**What to produce:** Reproduce the listing below without any change.
_ _ _
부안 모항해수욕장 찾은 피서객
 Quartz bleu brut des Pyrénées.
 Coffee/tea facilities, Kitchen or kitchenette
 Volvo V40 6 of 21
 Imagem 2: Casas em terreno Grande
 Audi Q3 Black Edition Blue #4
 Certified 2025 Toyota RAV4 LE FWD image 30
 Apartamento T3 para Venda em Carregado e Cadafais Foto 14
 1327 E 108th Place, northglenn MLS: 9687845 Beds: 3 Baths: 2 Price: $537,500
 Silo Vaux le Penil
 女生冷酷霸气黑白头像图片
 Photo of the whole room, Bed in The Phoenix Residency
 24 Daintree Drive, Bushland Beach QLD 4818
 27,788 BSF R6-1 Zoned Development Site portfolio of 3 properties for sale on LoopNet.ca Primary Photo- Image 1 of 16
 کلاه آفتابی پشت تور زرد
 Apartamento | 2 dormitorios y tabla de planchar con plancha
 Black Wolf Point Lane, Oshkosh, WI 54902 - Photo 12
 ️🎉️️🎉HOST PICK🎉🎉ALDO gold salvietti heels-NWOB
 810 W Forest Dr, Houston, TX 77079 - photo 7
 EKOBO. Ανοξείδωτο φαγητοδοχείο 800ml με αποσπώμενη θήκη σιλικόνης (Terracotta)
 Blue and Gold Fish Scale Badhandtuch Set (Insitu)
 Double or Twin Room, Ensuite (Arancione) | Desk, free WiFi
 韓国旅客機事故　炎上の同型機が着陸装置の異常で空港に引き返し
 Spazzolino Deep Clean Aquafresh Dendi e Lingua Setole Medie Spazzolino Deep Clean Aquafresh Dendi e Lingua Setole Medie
_ _ _
**Result of this exercise:**
부안 모항해수욕장 찾은 피서객
 Quartz bleu brut des Pyrénées.
 Coffee/tea facilities, Kitchen or kitchenette
 Volvo V40 6 of 21
 Imagem 2: Casas em terreno Grande
 Audi Q3 Black Edition Blue #4
 Certified 2025 Toyota RAV4 LE FWD image 30
 Apartamento T3 para Venda em Carregado e Cadafais Foto 14
 1327 E 108th Place, northglenn MLS: 9687845 Beds: 3 Baths: 2 Price: $537,500
 Silo Vaux le Penil
 女生冷酷霸气黑白头像图片
 Photo of the whole room, Bed in The Phoenix Residency
 24 Daintree Drive, Bushland Beach QLD 4818
 27,788 BSF R6-1 Zoned Development Site portfolio of 3 properties for sale on LoopNet.ca Primary Photo- Image 1 of 16
 کلاه آفتابی پشت تور زرد
 Apartamento | 2 dormitorios y tabla de planchar con plancha
 Black Wolf Point Lane, Oshkosh, WI 54902 - Photo 12
 ️🎉️️🎉HOST PICK🎉🎉ALDO gold salvietti heels-NWOB
 810 W Forest Dr, Houston, TX 77079 - photo 7
 EKOBO. Ανοξείδωτο φαγητοδοχείο 800ml με αποσπώμενη θήκη σιλικόνης (Terracotta)
 Blue and Gold Fish Scale Badhandtuch Set (Insitu)
 Double or Twin Room, Ensuite (Arancione) | Desk, free WiFi
 韓国旅客機事故　炎上の同型機が着陸装置の異常で空港に引き返し
 Spazzolino Deep Clean Aquafresh Dendi e Lingua Setole Medie Spazzolino Deep Clean Aquafresh Dendi e Lingua Setole Medie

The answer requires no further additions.